My goal is to scrape data from consumerreports.com, so I am utilizing 'requests' and 'beautifulsoup' for this project. Webscraping aside, I am having a lot of trouble successfully logging in on consumerreports.com through requests.
Here is my code: I created two text files in which I write the post and response, so I can check if it successfully logged in.
import requests
import os.path
#declares any necessary variables
#file1, file2 to check if login is successful
save_path = '/Users/myName/Documents/Webscraping Project/'
login_url = 'https://www.consumerreports.org/cro/index.htm'
my_url = 'https://www.consumerreports.org/cro/index.htm'
pName = os.path.join(save_path, 'post text file'+".txt")
rName = os.path.join(save_path, 'response text file'+".txt")

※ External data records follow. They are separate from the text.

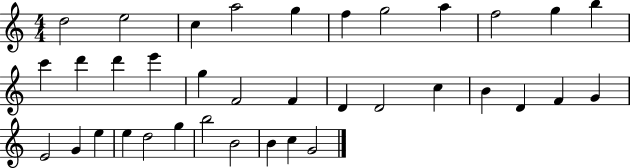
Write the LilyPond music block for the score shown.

{
  \clef treble
  \numericTimeSignature
  \time 4/4
  \key c \major
  d''2 e''2 | c''4 a''2 g''4 | f''4 g''2 a''4 | f''2 g''4 b''4 | \break c'''4 d'''4 d'''4 e'''4 | g''4 f'2 f'4 | d'4 d'2 c''4 | b'4 d'4 f'4 g'4 | \break e'2 g'4 e''4 | e''4 d''2 g''4 | b''2 b'2 | b'4 c''4 g'2 | \break \bar "|."
}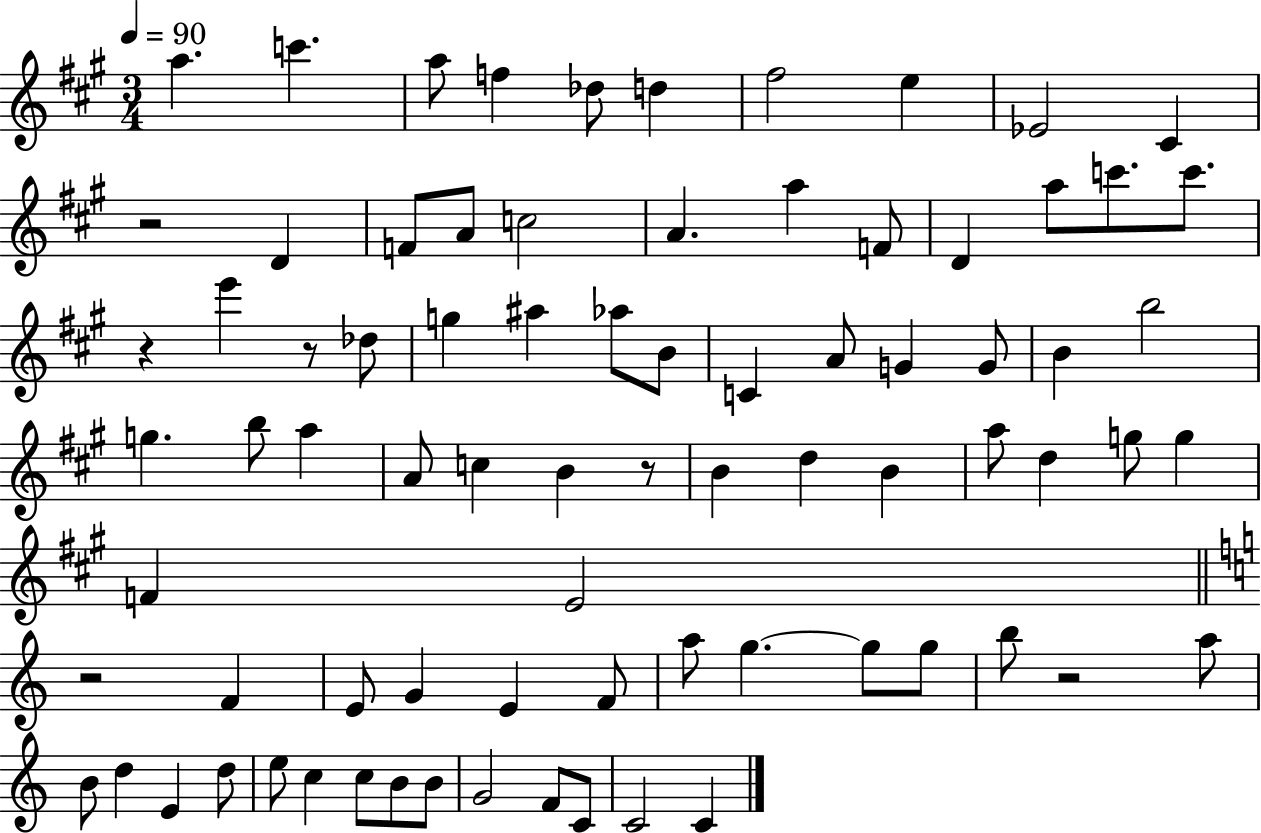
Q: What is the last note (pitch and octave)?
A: C4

post_file = open(pName, "w")
response_file = open(rName, "w")
#login using Session class from Requests package
with requests.Session() as s:
payload = {"userName":"myName@university.edu","password":"my_password"}
p = s.post(login_url, data=payload)
print(p.text)
r = s.get(my_url)
#saves files to see if login was successful
post_file.write(str(p.text.encode('utf-8')))
response_file.write(str(r.text.encode('utf-8')))
post_file.close()
response_file.close()
print('Files created.')
This is what I got:
<!DOCTYPE html>
<html>
<head>
<title>405 Not allowed.</title>
</head>
<body>
<h1>Error 405 Not allowed.</h1>
<p>Not allowed.</p>
<h3>Guru Meditation:</h3>
<p>XID: #some number </p>
<hr>
<p>Varnish cache server</p>
</body>
</html>
In addition, I checked the contents of the 'response text file.txt', and was able to determine through basic ctrl+f function that the system had not successfully logged in.
It seems that the web server does not accept the 'post' method, at least for this particular url, and that is why it's returning the error. However, I don't know how to proceed from here. I looked online, and someone suggested using
response = requests.get(login_url, headers={'User-Agent': 'Mozilla/5.0 (Macintosh; Intel Mac OS X 10_13_4) AppleWebKit/537.36 (KHTML, like Gecko) Chrome/66.0.3359.181 Safari/537.36'})
to create a user agent to "log in" or whatever. I'm still fairly new to python, so any advice will be appreciated.